NEW YORK - Desmond Mac Intyre quit as chief investment officer of the $67.5 billion New York City Retirement Systems after just one month on the job, because he couldn't get complete control of the bureau of asset management, sources familiar with the situation said.
Mr. Mac Intyre declined to comment, except to say: "Shortly after my arrival it became clear to me that with my professional background and experience, I am better suited to working in the private sector."
Jeff Simmons, spokesman for New York City Comptroller William Thompson, said Mr. Mac Intyre left on amicable terms and that he resigned because he failed to get a residency waiver allowing him to live in Connecticut.
But sources said the waiver issue was minor compared to problems at NYCERS that Mr. Mac Intyre discovered after he took the job.
Securities lending loss
Among the troubled areas is securities lending. In an unfolding scandal that began months before Mr. Mac Intyre joined NYCERS, the city stands to lose up to $89 million in its investment in a securities lending program administered by Citigroup Asset Management, Stamford, Conn.
Staff at the Bureau of Asset Management allegedly had been keeping news of the losses from the trustees since October. Through the program, the city invested $89.4 million in bonds backed by National Century Financial Enterprises, which lost its investment-grade rating in October, and filed for bankruptcy in November. Marc Kalech, another spokesman for the comptroller, said: "It's not clear how much the city will recover. Like all bondholders, we have been watching the situation closely and will aggressively pursue any possible means of recovering any losses." He wouldn't comment on whether the news of potential losses had been kept from the trustees.

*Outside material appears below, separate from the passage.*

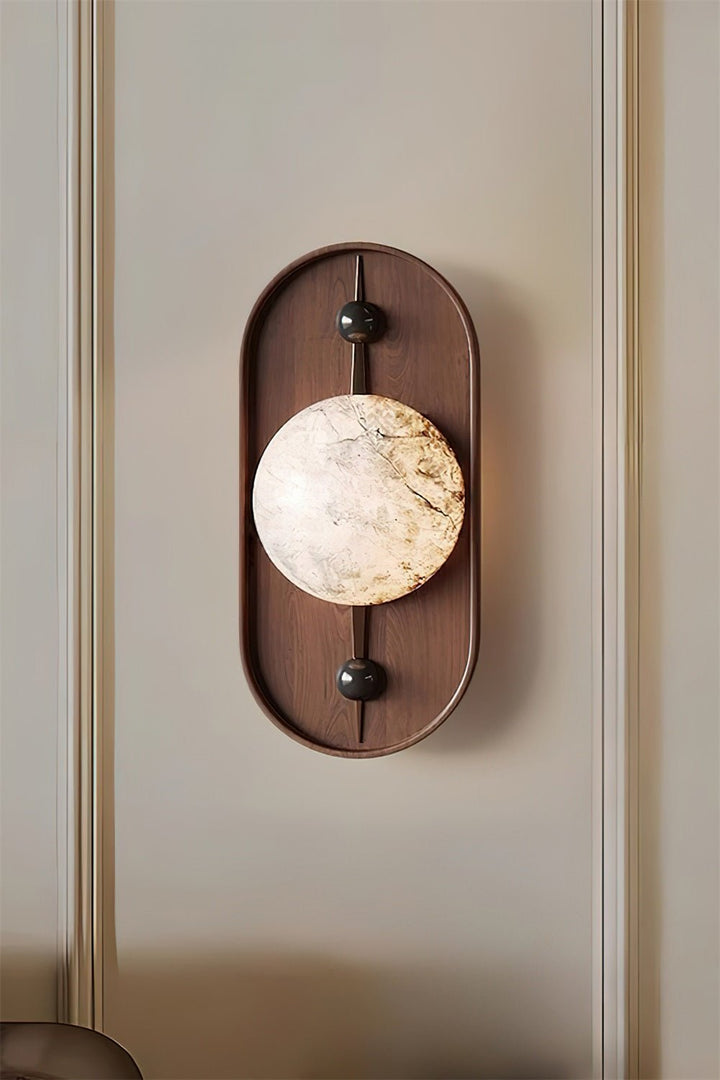 Bezel Alabaster Vägglampa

Other sources said Citigroup might make up some of the losses. Christina Pretto, Citigroup spokeswoman, did not return calls by press time.
Mr. Mac Intyre also was concerned about the city's investment process being highly politicized and was distressed about the lack of governance and resources, according to the sources. They said he didn't believe he would be able to change the operation. He also was upset about the scathing preliminary results of an audit, commissioned by Mr. Thompson and conducted by Independent Fiduciary Services, Washington.
The role of politics
Mr. Mac Intyre had accepted the $154,000-a-year New York City job without realizing how big a role politics played in the operation of the city funds, according to one source. For example, the source said, private equity deals were being brought in through political connections, rather than through the normal investment process.

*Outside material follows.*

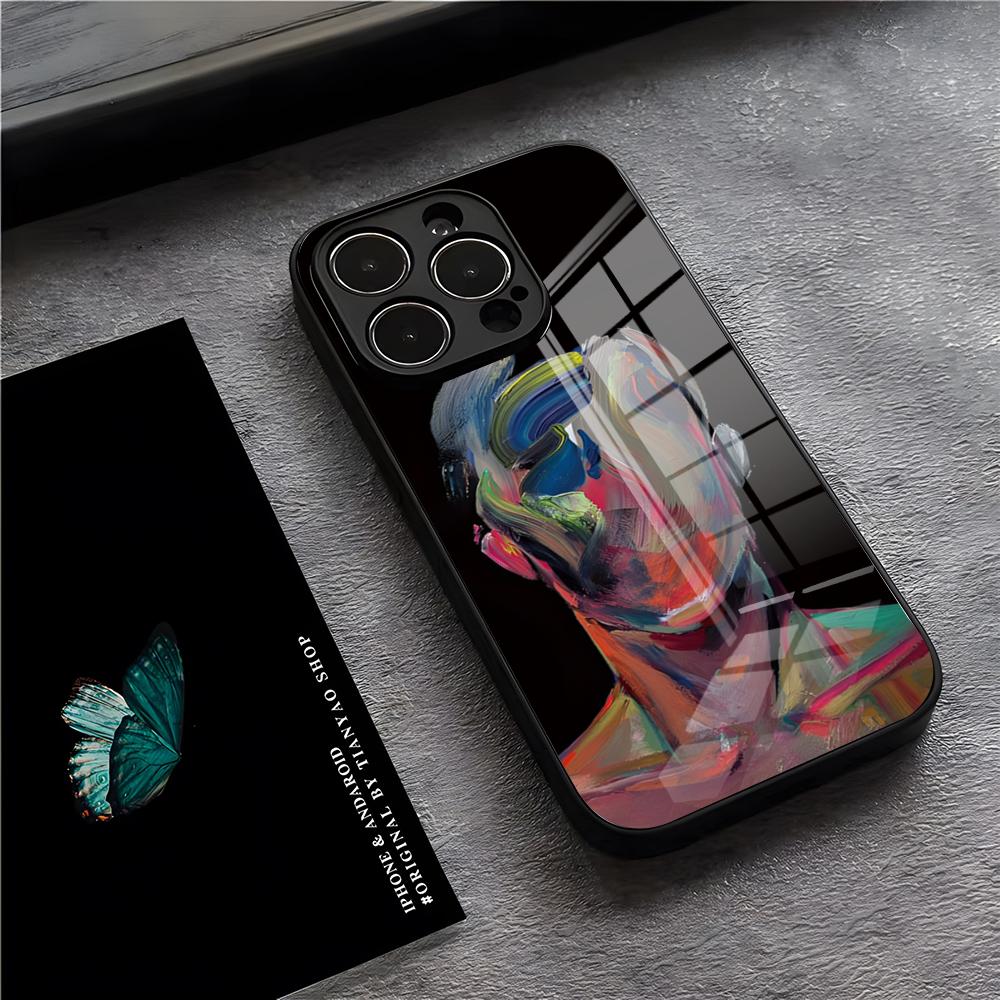 Picasso Abstract Art Painting Phone Case For IPhone 17 Pro Max 15 Pro 16 14 Plus 12 13 Mini 11 Pro Shockproof Glass Cover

Once Mr. Mac Intyre understood the political landscape, he left as quickly and as quietly as he could, the source said.
He began working for the city on Feb. 3; he quit March 1. He had moved from London, where he headed the European pension strategies group at Deutsche Asset Management. Before that, he was chief financial officer at General Motors Asset Management, New York, which manages the $67 billion GM pension plan. More than one source said he might consider returning to London to work in asset management.
Mr. Mac Intyre will be replaced, but it hasn't yet been determined if a search firm will be hired, and what the qualifications and salary will be, Mr. Simmons said. Adam Blumenthal, first deputy comptroller, is handling the job in the interim.

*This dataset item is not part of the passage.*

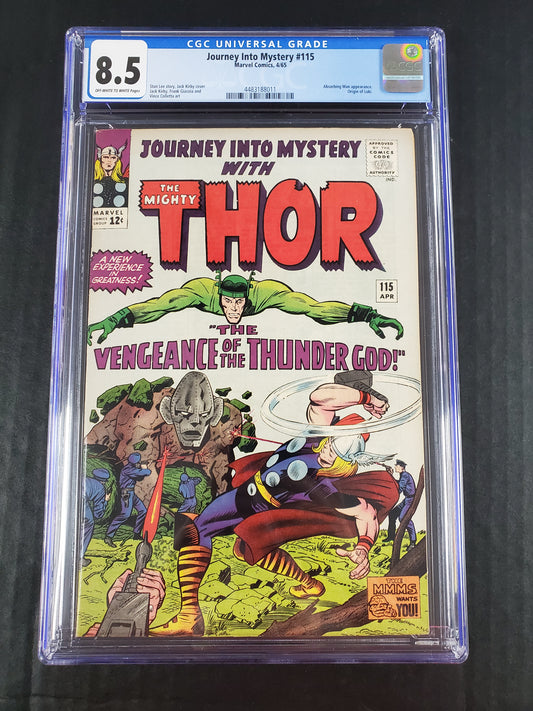 Journey Into Mystery #115 (1965) CGC 8.5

There also had been rumblings of a clash over governance procedures with Horatio Sparkes, assistant comptroller for pensions. The sources said Mr. Mac Intyre had asked to have him fired, but Mr. Thompson refused. Mr. Sparkes did not return calls seeking comment.
He made changes
Mr. Mac Intyre had implemented some changes during his short tenure and will be assisting in further changes, according to a web posting from the comptroller's office. One source said Mr. Mac Intyre had convinced the comptroller to expand the roles of the five consultants that advise the five pension funds in the system. The consultants' help is needed because only a handful of investment professionals at the Bureau of Asset Management oversee 80 money managers and 300 portfolios, the source said.
Sources said one of those investment pros - John Burns, head of equities - is seriously considering a job offer from the $96 billion New York State Common Fund in Albany. Mr. Burns didn't return telephone calls seeking comment. He had been acting CIO and lost out to Mr. Mac Intyre for the job.